Work to be completed: Exactly the lines from the start of the data below through the line containing "A bedroom with a bed and windows" must be returned, and no others.

Top of Records provided

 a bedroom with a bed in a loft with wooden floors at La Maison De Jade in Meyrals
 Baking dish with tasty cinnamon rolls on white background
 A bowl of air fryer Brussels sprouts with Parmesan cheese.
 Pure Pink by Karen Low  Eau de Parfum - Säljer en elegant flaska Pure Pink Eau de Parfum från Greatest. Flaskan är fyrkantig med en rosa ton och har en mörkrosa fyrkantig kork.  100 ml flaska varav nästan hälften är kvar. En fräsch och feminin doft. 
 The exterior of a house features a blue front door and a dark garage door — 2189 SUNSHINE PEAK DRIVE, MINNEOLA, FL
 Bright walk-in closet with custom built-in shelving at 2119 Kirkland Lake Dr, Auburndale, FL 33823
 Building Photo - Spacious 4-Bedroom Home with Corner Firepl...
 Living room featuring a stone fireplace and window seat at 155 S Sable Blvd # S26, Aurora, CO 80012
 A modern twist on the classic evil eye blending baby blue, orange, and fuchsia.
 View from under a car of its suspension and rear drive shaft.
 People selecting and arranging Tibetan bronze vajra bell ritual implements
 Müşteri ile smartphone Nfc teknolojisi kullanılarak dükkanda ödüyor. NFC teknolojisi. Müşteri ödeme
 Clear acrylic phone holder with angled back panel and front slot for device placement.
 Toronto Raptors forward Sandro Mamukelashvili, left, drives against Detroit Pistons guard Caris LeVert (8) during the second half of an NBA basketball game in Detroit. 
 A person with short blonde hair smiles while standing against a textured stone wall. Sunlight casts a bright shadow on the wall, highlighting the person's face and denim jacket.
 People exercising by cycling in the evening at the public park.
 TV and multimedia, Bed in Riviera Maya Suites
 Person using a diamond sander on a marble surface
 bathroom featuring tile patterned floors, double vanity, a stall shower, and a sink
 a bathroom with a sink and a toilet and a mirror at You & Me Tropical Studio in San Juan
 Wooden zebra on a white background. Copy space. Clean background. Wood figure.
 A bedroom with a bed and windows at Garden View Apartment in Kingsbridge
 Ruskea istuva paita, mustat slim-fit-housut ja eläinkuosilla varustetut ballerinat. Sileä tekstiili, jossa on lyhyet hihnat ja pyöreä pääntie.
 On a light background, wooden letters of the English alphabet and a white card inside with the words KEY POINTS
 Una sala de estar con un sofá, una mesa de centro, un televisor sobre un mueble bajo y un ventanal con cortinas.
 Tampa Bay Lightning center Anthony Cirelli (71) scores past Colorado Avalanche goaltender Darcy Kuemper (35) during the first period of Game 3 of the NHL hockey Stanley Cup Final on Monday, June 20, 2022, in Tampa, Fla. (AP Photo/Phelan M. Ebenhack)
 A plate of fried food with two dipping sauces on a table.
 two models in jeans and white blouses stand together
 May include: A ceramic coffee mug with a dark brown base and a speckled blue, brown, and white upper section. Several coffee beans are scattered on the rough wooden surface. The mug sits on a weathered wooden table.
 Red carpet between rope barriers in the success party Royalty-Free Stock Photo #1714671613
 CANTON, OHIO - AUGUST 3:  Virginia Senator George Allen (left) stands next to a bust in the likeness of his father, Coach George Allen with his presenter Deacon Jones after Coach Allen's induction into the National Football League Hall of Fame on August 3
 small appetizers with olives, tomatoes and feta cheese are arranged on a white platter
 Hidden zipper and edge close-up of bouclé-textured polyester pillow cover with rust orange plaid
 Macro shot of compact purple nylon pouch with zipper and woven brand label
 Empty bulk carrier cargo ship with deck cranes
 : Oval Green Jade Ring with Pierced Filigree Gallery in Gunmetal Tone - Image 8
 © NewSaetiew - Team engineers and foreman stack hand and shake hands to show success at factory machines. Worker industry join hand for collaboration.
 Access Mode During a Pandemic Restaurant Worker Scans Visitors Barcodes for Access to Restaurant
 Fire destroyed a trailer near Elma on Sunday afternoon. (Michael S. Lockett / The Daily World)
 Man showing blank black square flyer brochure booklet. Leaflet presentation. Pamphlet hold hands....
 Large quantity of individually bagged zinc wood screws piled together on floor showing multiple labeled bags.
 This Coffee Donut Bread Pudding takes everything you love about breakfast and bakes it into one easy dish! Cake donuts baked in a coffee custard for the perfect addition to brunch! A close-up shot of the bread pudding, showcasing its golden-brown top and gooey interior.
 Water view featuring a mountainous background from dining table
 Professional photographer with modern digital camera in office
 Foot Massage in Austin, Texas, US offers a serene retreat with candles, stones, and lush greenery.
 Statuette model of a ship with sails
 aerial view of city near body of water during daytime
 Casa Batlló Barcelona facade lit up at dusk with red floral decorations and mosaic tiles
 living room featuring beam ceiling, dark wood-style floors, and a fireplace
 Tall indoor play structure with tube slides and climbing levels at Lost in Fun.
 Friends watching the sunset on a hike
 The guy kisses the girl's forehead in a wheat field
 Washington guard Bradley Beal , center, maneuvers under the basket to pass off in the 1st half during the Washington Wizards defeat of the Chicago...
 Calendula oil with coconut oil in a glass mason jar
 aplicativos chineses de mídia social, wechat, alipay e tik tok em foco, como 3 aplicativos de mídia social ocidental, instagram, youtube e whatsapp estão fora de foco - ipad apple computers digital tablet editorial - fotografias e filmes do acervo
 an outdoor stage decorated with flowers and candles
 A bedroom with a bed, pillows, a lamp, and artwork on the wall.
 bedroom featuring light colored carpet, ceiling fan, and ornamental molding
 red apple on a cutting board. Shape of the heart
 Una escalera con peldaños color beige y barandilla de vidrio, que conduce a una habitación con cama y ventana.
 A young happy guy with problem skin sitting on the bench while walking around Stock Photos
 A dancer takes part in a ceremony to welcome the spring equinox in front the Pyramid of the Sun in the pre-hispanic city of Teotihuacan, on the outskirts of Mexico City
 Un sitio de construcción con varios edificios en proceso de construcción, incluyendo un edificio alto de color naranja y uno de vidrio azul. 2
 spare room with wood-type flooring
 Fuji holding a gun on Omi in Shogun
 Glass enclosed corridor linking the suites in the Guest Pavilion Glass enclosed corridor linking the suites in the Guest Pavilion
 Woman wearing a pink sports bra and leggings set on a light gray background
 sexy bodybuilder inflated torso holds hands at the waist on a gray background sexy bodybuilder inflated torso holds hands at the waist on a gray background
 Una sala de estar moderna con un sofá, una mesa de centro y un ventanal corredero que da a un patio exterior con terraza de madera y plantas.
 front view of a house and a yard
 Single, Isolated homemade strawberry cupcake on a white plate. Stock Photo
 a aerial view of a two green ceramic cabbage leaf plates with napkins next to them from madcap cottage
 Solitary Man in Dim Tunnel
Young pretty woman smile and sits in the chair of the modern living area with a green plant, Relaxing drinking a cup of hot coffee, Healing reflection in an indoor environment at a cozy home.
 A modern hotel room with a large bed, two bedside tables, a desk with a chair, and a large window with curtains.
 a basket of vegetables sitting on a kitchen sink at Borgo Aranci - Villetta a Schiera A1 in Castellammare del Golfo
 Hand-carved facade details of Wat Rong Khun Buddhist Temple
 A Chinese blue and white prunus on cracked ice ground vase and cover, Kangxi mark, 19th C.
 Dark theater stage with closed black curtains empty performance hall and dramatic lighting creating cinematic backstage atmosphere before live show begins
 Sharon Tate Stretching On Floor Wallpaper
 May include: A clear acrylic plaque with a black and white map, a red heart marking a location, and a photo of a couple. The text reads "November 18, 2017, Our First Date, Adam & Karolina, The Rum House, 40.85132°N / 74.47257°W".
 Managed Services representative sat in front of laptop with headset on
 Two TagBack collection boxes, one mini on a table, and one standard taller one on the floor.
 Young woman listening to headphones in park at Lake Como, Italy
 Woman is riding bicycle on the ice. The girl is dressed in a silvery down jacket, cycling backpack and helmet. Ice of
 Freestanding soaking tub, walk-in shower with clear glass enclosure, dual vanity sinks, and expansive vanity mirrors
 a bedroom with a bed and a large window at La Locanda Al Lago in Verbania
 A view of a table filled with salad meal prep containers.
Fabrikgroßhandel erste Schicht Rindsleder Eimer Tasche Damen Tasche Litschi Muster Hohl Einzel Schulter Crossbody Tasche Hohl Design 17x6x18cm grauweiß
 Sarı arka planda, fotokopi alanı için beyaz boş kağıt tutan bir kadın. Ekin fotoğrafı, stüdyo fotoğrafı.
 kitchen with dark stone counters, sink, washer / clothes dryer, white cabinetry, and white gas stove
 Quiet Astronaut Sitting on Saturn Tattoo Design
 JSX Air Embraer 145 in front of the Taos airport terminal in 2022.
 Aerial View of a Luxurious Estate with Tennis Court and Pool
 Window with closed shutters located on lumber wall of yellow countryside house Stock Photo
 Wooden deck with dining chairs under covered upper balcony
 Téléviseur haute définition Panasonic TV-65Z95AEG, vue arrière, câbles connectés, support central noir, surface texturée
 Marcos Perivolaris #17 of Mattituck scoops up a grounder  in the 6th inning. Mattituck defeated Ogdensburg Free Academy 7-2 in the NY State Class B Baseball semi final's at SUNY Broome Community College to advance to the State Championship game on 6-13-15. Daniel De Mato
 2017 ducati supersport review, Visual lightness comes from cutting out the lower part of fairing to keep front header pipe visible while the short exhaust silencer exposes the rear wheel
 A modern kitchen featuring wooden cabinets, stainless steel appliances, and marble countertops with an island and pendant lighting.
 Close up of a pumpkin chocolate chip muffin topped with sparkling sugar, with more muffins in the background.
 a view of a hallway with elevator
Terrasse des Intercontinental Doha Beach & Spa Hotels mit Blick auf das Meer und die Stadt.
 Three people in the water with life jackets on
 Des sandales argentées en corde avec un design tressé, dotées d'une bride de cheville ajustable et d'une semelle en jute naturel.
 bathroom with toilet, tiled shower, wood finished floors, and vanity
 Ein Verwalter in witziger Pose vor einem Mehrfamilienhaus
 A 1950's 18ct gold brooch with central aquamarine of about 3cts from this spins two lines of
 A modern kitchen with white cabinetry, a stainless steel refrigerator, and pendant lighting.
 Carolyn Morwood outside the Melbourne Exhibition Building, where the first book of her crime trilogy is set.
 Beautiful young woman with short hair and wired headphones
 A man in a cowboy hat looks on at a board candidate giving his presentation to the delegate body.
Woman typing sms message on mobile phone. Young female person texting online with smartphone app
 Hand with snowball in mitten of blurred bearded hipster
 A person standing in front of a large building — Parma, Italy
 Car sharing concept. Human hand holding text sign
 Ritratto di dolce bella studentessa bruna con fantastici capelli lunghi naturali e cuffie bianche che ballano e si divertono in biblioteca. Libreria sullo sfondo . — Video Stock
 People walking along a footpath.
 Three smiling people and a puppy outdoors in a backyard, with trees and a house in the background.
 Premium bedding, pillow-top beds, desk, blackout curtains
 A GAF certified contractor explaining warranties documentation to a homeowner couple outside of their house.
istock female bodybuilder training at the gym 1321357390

Bottom of Records provided

Task answer:
 a bedroom with a bed in a loft with wooden floors at La Maison De Jade in Meyrals
 Baking dish with tasty cinnamon rolls on white background
 A bowl of air fryer Brussels sprouts with Parmesan cheese.
 Pure Pink by Karen Low  Eau de Parfum - Säljer en elegant flaska Pure Pink Eau de Parfum från Greatest. Flaskan är fyrkantig med en rosa ton och har en mörkrosa fyrkantig kork.  100 ml flaska varav nästan hälften är kvar. En fräsch och feminin doft. 
 The exterior of a house features a blue front door and a dark garage door — 2189 SUNSHINE PEAK DRIVE, MINNEOLA, FL
 Bright walk-in closet with custom built-in shelving at 2119 Kirkland Lake Dr, Auburndale, FL 33823
 Building Photo - Spacious 4-Bedroom Home with Corner Firepl...
 Living room featuring a stone fireplace and window seat at 155 S Sable Blvd # S26, Aurora, CO 80012
 A modern twist on the classic evil eye blending baby blue, orange, and fuchsia.
 View from under a car of its suspension and rear drive shaft.
 People selecting and arranging Tibetan bronze vajra bell ritual implements
 Müşteri ile smartphone Nfc teknolojisi kullanılarak dükkanda ödüyor. NFC teknolojisi. Müşteri ödeme
 Clear acrylic phone holder with angled back panel and front slot for device placement.
 Toronto Raptors forward Sandro Mamukelashvili, left, drives against Detroit Pistons guard Caris LeVert (8) during the second half of an NBA basketball game in Detroit. 
 A person with short blonde hair smiles while standing against a textured stone wall. Sunlight casts a bright shadow on the wall, highlighting the person's face and denim jacket.
 People exercising by cycling in the evening at the public park.
 TV and multimedia, Bed in Riviera Maya Suites
 Person using a diamond sander on a marble surface
 bathroom featuring tile patterned floors, double vanity, a stall shower, and a sink
 a bathroom with a sink and a toilet and a mirror at You & Me Tropical Studio in San Juan
 Wooden zebra on a white background. Copy space. Clean background. Wood figure.
 A bedroom with a bed and windows at Garden View Apartment in Kingsbridge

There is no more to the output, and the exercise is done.